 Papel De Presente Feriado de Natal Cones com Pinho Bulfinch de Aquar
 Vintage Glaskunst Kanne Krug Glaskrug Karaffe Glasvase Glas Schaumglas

★ ★ ★ ★

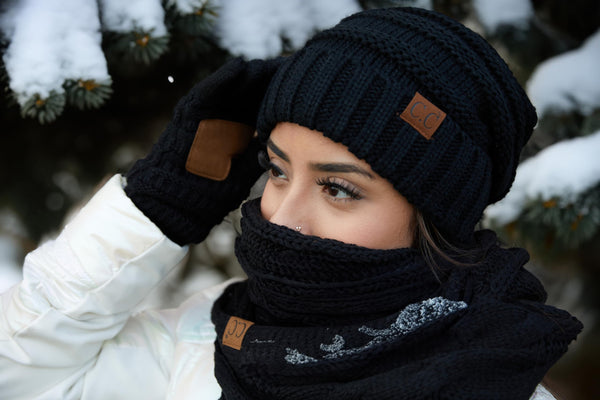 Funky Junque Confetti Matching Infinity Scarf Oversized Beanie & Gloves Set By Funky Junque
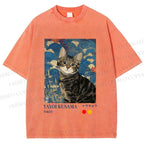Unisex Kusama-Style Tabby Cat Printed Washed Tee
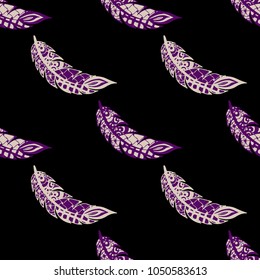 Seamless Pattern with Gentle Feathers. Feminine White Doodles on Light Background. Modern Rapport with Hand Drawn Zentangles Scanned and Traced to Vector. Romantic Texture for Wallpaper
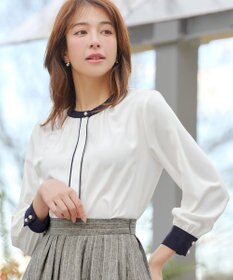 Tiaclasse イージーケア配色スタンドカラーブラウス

★ ★ ★ ★

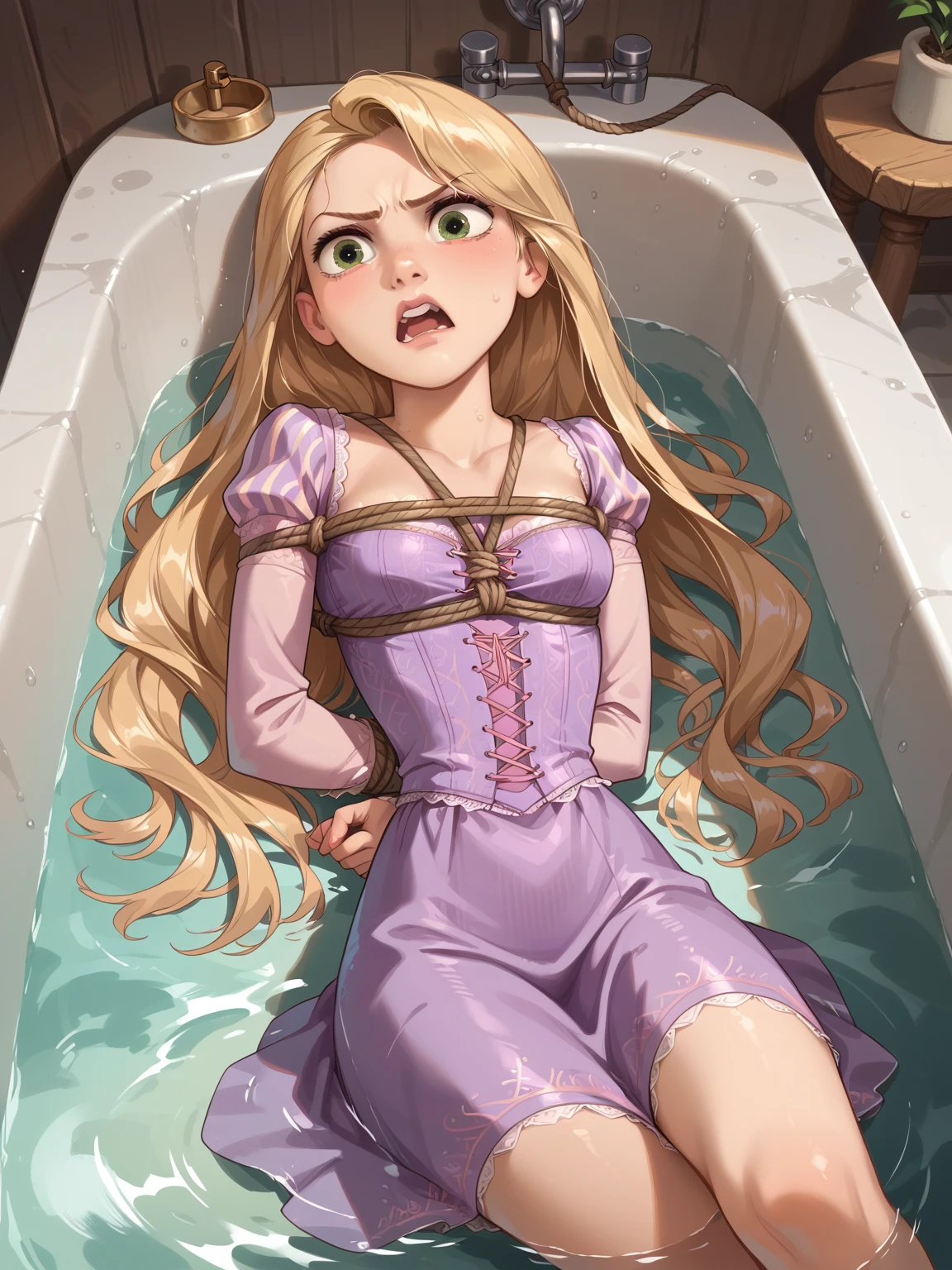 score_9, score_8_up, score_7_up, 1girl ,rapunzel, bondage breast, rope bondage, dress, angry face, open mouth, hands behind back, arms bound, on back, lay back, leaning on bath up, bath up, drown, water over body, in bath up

★ ★ ★ ★

Exercise instructions – From the data above, output only the lines between the line containing "Papel De Presente" and the line containing "Vintage Glaskunst Kanne", inclusive, exactly as written.

Response to the task –
 Papel De Presente Feriado de Natal Cones com Pinho Bulfinch de Aquar
 Vintage Glaskunst Kanne Krug Glaskrug Karaffe Glasvase Glas Schaumglas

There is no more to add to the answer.